- Таська, ты плотно себя привязала к Марфо-Мариинской обители? - как-то тихо спросил у меня Семён, когда я, убираясь у него в комнате, вытирала пыль с резного комода, изображая добропорядочную супругу. - Обитель доживает последние месяцы.
Я выронила тряпочку из рук и подошла к нему ещё ближе.
- На них поступил донос от какой-то тетки, которую они не взяли в свои ряды, ещё в 22-м году. Дескать, просмотрели вы, товарищи, дворянское гнездо. Тучков тогда ходу доносу не дал. Не стал связываться с председателем Моссовета Каменевым. Но сейчас, - Семён, склонившись ко мне, говорил практически на ухо, - после смерти Ильича товарищ Дзержинский обеспечивает полную поддержку товарищу Сталину. Троцкого уже убрали. Зиновьев с Каменевым на очереди. Против нашего ведомства им не выстоять.

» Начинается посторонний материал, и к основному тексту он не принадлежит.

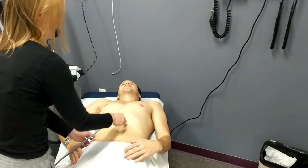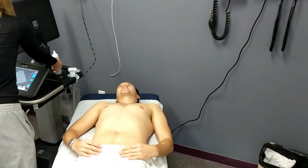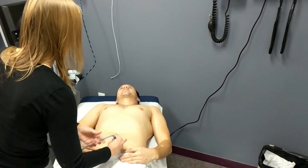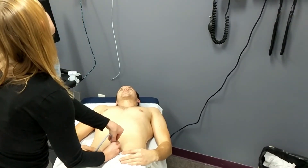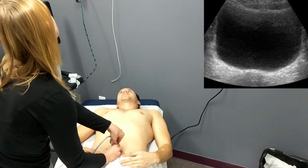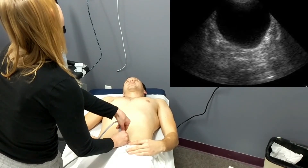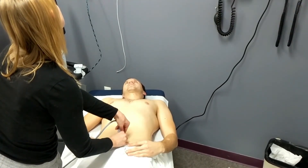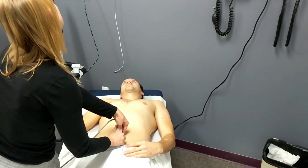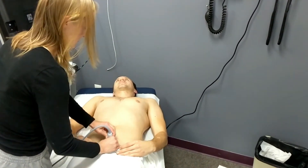Once she has completed that assessment, she will move on to the suprapubic region of the FAST examination. She will take the transducer all the way to the patient's pubic symphysis and look at the bladder in both the long axis and the short axis view. She will both rock and fan the transducer in order to fully evaluate for any fluid collections or abnormalities in or around the bladder and the surrounding anatomical structures.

- Значит, Обитель разгонят? - грустно уточнила я. Даже независимо от моей собственной участи было пронзительно жаль самоотверженных женщин в белых апостольниках, до последнего сражающихся за свою общину. Действительно, уже в начале года им не подтвердили устав, они уже не могли пользоваться своей печатью. Но все равно рук сестры Марфо-Мариинки не опустили. Переделали устав так, чтобы остаться в Обители хотя бы как трудовая община. На несколько месяцев из тюрьмы выпустили архимандрита Сергия Серебрянского, духовника Обители, найденного ещё Матушкой Елизаветой Федоровной. Настоящий был старец, как в древних житиях святых описывают. Они старались по-прежнему помогать людям, молились, не сдавались. Но были уже обречены. Торжествующая власть безбожников уже обрекла этих светлых людей на мучения, на ссылки и тюрьмы, как чуждый классовый элемент.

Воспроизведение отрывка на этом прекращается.